We left Durban reluctantly, again destination unknown but convinced we were bound for India and possibly on to Burma. During the long voyage out from Britain the rumour had got around that India was our destination and our Battery Commander started classes in Urdu. By the time we arrived at Bombay I felt quite pleased with my progress in the language. But alas, I was never to make use of it for within 24 hours we had embarked on another ship and soon found ourselves sailing up the Persian Gulf and into the steamy heat of the Shatt-El-Arab to the port of Basra where we disembarked.

My recollection of the camp in the desert where we spent the next few days was of the terrible heat — 137 F in the shade was recorded on one occasion. Any work after 9am was impossible and we spent the rest of the day gasping in our tents. One of our gunners died of heat exhaustion. I also remember some of the troops catching a scorpion and some huge ants and putting them in a box to fight it out. The ants won.

We left Zubair camp and by train and truck travelled across the desert, first to Baghdad then Khanakin. We climbed up the long Pai-Tak Pass crossing the border into Iran and on to Kermanshah where we camped for some weeks. The camp was in a barren waste at the foot of the mountains with the snow covered Mount Demevend near the Caspian Sea in the background.

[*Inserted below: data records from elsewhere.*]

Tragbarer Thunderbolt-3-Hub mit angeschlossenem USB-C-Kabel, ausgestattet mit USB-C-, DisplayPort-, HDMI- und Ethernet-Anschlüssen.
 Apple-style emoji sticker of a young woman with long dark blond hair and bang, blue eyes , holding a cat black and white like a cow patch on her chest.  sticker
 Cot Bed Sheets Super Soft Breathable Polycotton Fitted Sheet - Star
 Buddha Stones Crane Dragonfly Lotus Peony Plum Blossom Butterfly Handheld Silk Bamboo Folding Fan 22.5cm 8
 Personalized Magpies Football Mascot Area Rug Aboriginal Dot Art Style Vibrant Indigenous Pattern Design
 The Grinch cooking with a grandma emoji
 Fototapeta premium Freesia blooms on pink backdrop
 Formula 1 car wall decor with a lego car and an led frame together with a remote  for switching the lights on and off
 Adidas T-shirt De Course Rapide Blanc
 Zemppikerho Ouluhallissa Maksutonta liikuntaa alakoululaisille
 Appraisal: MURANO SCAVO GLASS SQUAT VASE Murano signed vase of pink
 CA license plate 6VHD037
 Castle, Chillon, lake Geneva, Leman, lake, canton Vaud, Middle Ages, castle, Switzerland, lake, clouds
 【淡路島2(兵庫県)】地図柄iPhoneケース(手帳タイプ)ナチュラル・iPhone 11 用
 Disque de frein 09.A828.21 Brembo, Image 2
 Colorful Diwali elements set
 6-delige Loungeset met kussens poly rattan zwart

Convoys of lorries passed by laden with supplies for our Russian allies. Eventually our transport and guns reached the camp and we were once again an artillery regiment. Bit by bit a whole Division, the 5th British Infantry Division, arrived in the vicinity and our regiment filled a gap left by a Field Regiment which had lost many of its troops through blackwater fever in the campaign in Madagascar.

In November 1942 the regiment moved to a camp in the desert a few miles outside the holy Moslim city of Qum with its vast golden-domed mosque and its bazaars of local craftsman. The New Year 1943 arrived and the weather became very cold. During this time the gunners of the regiment began to get to know the infantry units they were to support in future battles — the Seaforth Highlanders, the Northamptons and the Royal Scots Fusiliers. The Division had been sent to this remote highland area to defend the way to India if the Germans broke through the Caucasus.

In February 1943 the regiment left Qum for the great overland journey to the Mediterranean. At the start it was bitterly cold and the convoy had to travel over the Shah Pass in a blinding snowstorm. I recall putting chains on the wheels of our truck on the edge of a precipice while vehicles and guns slithered past dangerously close to us on the icy snow. On another occasion we stayed in a transit camp in tents with about 40 degrees of frost. We bedded down on the icy ground only to find a few hours later a stream running through the tent — the heat of our bodies having melted the ice.

We were pleased to leave Iran and reach warmer climes at Baghdad. Then across the Syrian Desert following the oil pipe line from Kirkuk to Transjordan and the Palestine coast. A night in Tel Aviv, on to Beersheeba, across the Suez Canal and finally to the School of Combined Operations near Ismailia in Egypt to learn amphibious warfare. It was on the shores of the Bitter Lakes that the regiment learnt the art of invasion from the sea.